Sguardo di bimba tra boxe e riscatto

«CALIFORNIE» ALLE GIORNATE DEGLI AUTORI
SILVIA NUGARA ITALIA/VENEZIA

Californie di Alessandro Cassigoli e Casey Kauffman, presentato in questi giorni a Venezia per le Giornate degli Autori, inizia con un passaggio di testimone dal precedente lungometraggio della coppia, Butterfly (2018), che è anche uno scambio solidale tra realtà e finzione, tra documentario e film a soggetto. Butterfly era un film d’osservazione sulla crescita e la preparazione atletica di Irma Testa, prima donna pugile italiana a qualificarsi per un’olimpiade, quella di Rio de Janeiro. Testa riappare brevemente in una delle prime scene di Californie che è in realtà un frammento del finale di Butterfly.
SIAMO NELLA PALESTRA di boxe del «maestro» Lucio Zurlo. Irma si sta allenando dopo la cocente delusione di Rio: le ci è voluta molta forza di carattere per rialzarsi e combattere e, come si è visto a Tokyo 2020 dove ha conquistato uno storico bronzo, la sua perseveranza sarà ripagata. Una bambina la osserva con gli occhi che brillano: «questa vuole essere come te, è pure scostumata come te» dice l’allenatore. La piccola si rivolge a Irma: «A quanti anni sei entrata in palestra?» «A 12» dice la ragazza. «Io a 9» replica lei con una punta di sfida, di speranza che quei tre anni di vantaggio siano una promessa di successo.
Nel resto del dialogo emerge che la bambina è nata in Marocco e fa la quarta elementare. Il suo italiano ha già barattato l’accento nativo per una decisa inflessione dialettale. È gracile ma fa piegamenti e tira pugni con determinazione impressionante: è destinata anche lei a diventare una campionessa?
A VENEZIA, i registi hanno raccontato: «Durante la lavorazione di Butterfly, ci siamo soffermati spesso sullo sguardo deciso e allo stesso tempo misterioso di quella bambina di nome Khadija: eravamo convinti che portasse in sé una storia da raccontare.
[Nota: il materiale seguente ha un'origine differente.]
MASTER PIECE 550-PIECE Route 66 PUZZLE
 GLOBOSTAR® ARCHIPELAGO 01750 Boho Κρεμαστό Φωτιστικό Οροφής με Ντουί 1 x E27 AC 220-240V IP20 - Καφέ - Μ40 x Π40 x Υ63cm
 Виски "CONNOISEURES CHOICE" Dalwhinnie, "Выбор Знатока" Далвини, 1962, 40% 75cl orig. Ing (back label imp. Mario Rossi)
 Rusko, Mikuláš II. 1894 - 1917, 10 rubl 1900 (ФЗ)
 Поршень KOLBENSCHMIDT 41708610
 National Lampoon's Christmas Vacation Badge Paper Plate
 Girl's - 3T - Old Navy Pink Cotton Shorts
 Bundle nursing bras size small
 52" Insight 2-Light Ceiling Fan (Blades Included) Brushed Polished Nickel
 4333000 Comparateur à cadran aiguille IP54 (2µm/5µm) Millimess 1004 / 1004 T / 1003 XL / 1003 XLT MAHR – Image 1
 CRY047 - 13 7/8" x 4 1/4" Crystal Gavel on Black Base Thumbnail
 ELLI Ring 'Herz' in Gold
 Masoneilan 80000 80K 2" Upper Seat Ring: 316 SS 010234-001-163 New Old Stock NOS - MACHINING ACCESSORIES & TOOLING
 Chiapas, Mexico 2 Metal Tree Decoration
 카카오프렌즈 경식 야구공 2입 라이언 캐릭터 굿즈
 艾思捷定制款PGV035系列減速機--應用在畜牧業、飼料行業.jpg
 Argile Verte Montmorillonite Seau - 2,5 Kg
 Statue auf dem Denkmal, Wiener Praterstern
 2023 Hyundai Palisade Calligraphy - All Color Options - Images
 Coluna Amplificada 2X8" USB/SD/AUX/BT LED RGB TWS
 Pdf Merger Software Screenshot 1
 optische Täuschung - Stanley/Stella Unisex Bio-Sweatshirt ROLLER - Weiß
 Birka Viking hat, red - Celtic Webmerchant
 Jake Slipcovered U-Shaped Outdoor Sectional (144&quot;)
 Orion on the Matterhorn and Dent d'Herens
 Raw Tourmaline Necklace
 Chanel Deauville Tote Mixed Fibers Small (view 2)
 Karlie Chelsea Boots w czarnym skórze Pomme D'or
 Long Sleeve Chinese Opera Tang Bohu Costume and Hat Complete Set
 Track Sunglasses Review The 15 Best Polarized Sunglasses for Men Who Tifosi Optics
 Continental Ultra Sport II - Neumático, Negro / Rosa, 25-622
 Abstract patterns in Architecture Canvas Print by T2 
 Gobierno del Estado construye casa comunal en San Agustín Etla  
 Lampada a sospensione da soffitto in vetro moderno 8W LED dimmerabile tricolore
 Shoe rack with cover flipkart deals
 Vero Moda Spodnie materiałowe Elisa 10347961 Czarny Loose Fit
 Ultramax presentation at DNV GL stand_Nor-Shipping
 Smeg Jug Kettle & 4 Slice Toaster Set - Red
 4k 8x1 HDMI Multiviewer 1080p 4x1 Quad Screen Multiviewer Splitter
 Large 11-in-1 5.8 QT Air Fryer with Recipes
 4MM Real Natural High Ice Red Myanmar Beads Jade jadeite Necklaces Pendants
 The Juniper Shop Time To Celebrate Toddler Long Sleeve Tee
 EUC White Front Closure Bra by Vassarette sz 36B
Terminato il film siamo tornati a Torre Annunziata per conoscerla meglio. Il suo carattere irrequieto, ribelle, a volte scontroso ma anche dolce, fragile e carismatico ci ha conquistati. L’abbiamo frequentata facendo diverse sessioni di riprese per testarne le qualità recitative. Quando abbiamo capito che sarebbe stata in grado di sostenere il peso di un film abbiamo iniziato a pensare a una storia, a plasmare il personaggio di Jamila pronto a essere arricchito dalle idee ed esperienze di Khadija e dal suo contesto famigliare e sociale».
Scritto con la sceneggiatrice Vanessa Picciarelli, a lungo collaboratrice di Corso Salani, il film procede nutrendo l’invenzione cinematografica di indagine in un luogo, nella sua realtà, e segue la ragazza dagli 11 ai 14 anni. La vocazione pugilistica si esaurisce presto, subentrano la ribellione, l’abbandono scolastico, il sogno di tornare in un Marocco idealizzato finanziandosi con creste sulla spesa, piccoli raggiri, mille bugie finché Jamila non trova lavoro da una parrucchiera che la paga in nero rispondendo al suo desiderio di riconoscimento ed emancipazione. La soddisfazione però non le dà modo di rendersi conto dello sfruttamento che sta subendo, dell’infanzia che le è stata negata. Il congegno ibrido di questo affresco sociale funziona grazie alla complicità della famiglia – soprattutto della sorella della ragazza – e all’ironia di cui è esempio il titolo, un errore di battitura che l’arte di arrangiarsi può trasformare in un vezzoso francesismo o in un plurale che lascia intravedere mondi possibili.